WHAT THIS TASK INVOLVES — Copy all data exactly. Skip pictures.

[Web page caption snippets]

******

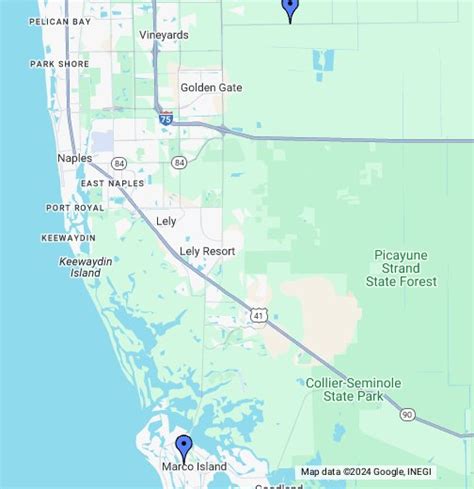 Map Of Naples Florida Map Of The World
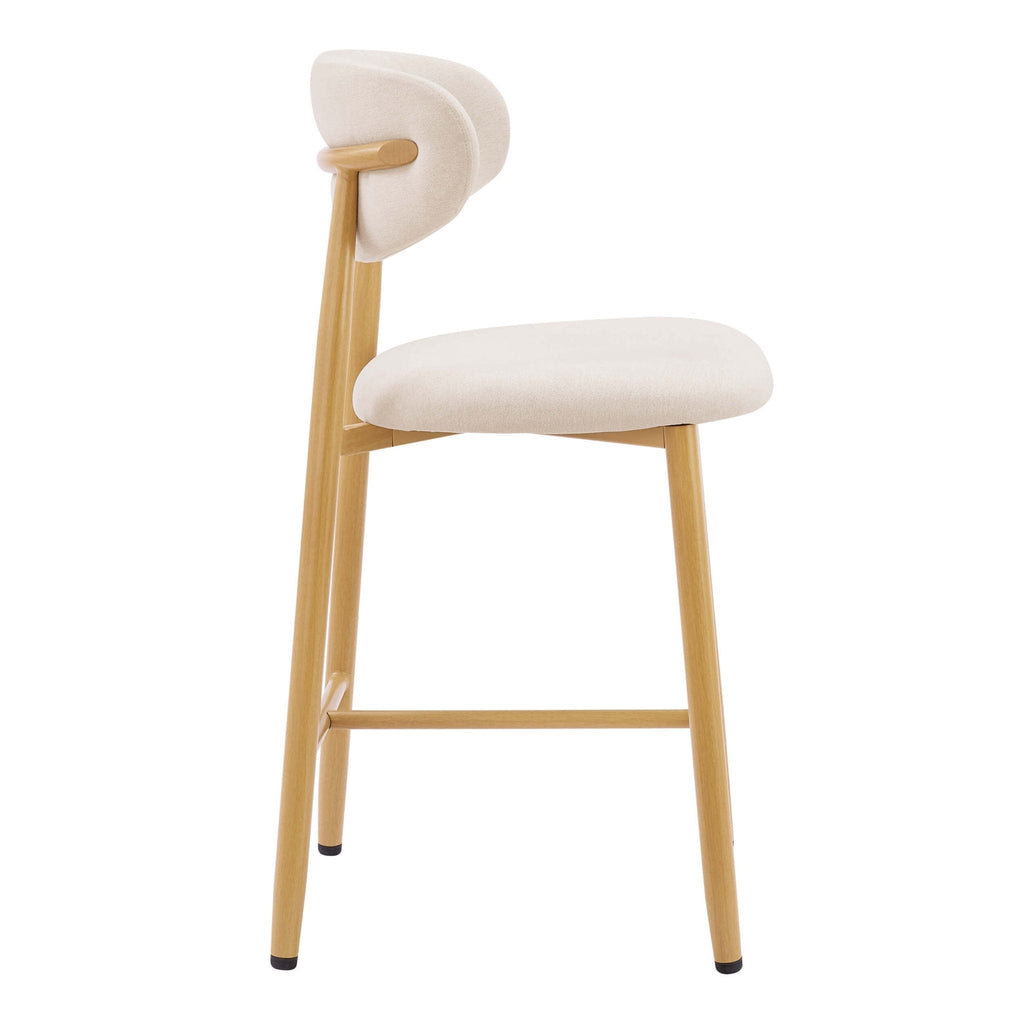 Dusklia - Sally Set of 2 Barstools - Cream Linen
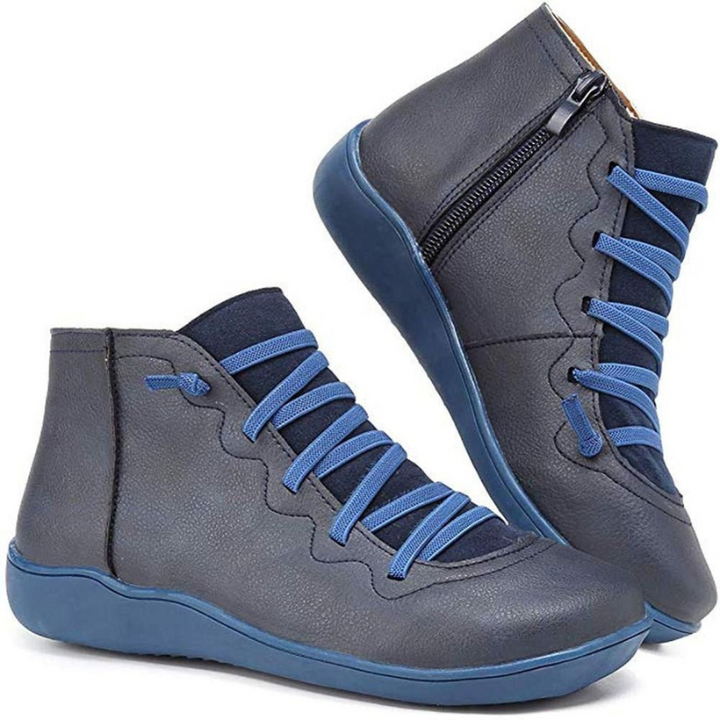 Romina™ - Stivali piatti casual in pelle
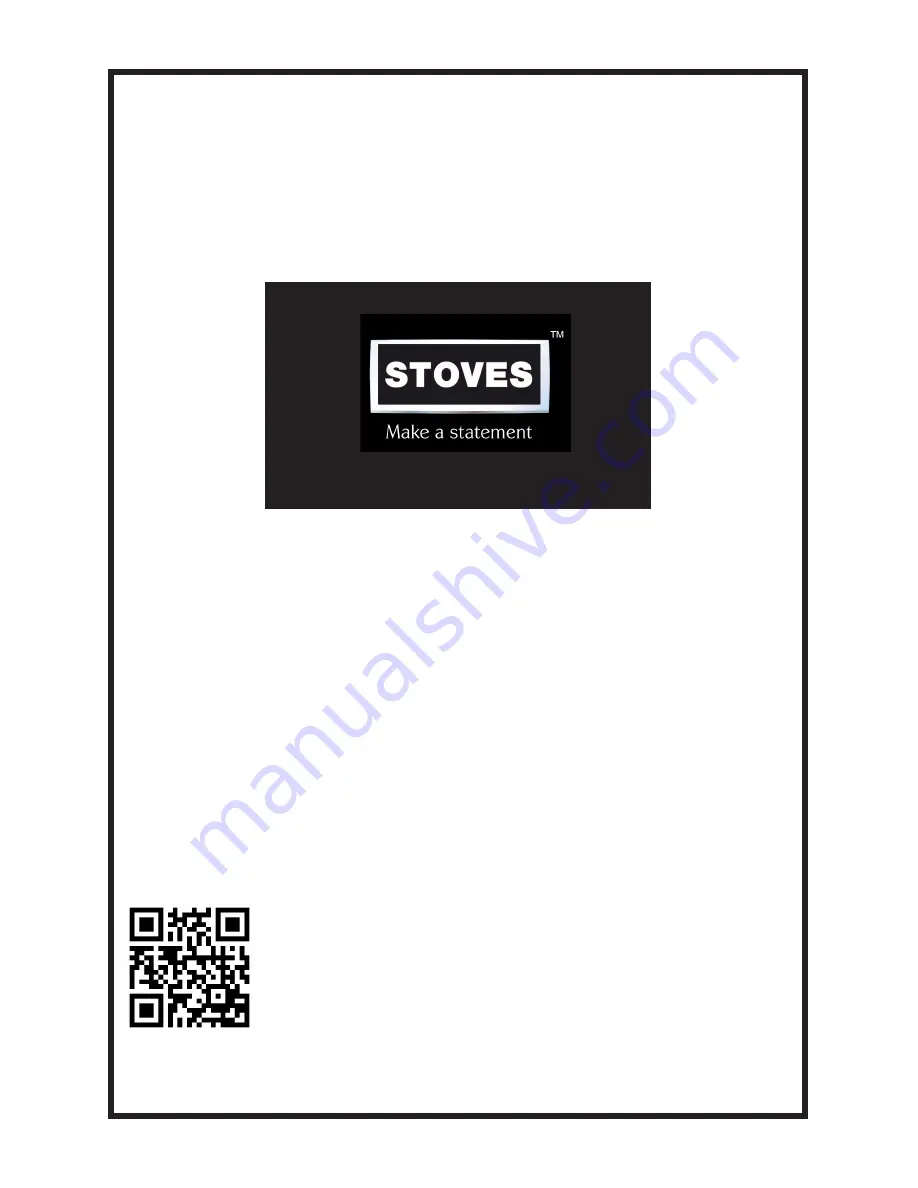 STOVES SEH600iR Users Manual & Installation Handbook Download Page 1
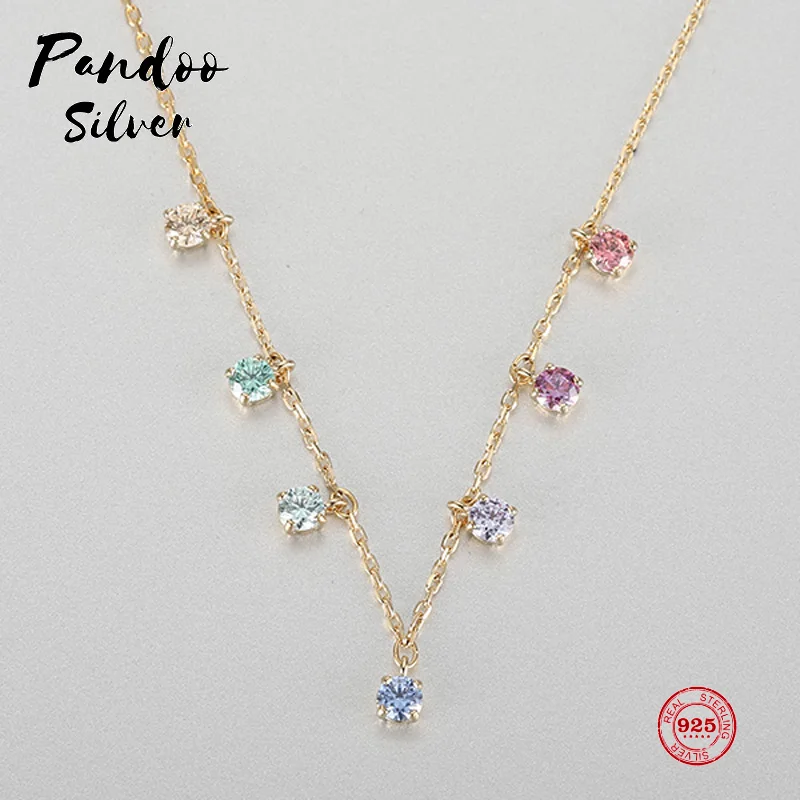 PANDOO Fashion Charm Pure 925 Silver Original 1:1 Copy, Fresh Color Chic Adjustable Wild Necklace Female Luxury Jewelry Gifts
PANDOO Fashion Charm Pure 925 Silver Original 1:1 Copy, Fresh Color Chic Adjustable Wild Necklace Female Luxury Jewelry Gifts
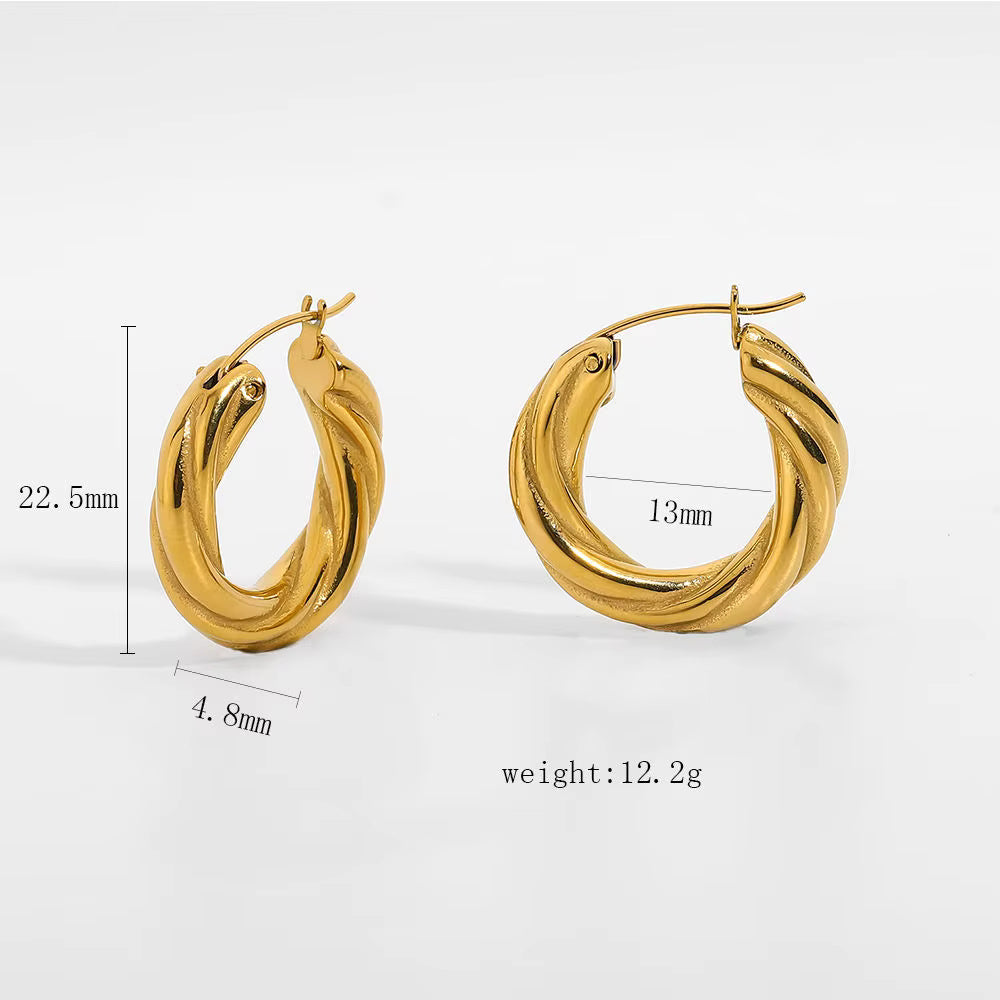 Gold Hoop Earrings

******

OUTPUT FOR THIS TASK —
 Map Of Naples Florida Map Of The World
 Dusklia - Sally Set of 2 Barstools - Cream Linen
 Romina™ - Stivali piatti casual in pelle
 STOVES SEH600iR Users Manual & Installation Handbook Download Page 1
 PANDOO Fashion Charm Pure 925 Silver Original 1:1 Copy, Fresh Color Chic Adjustable Wild Necklace Female Luxury Jewelry Gifts
PANDOO Fashion Charm Pure 925 Silver Original 1:1 Copy, Fresh Color Chic Adjustable Wild Necklace Female Luxury Jewelry Gifts
 Gold Hoop Earrings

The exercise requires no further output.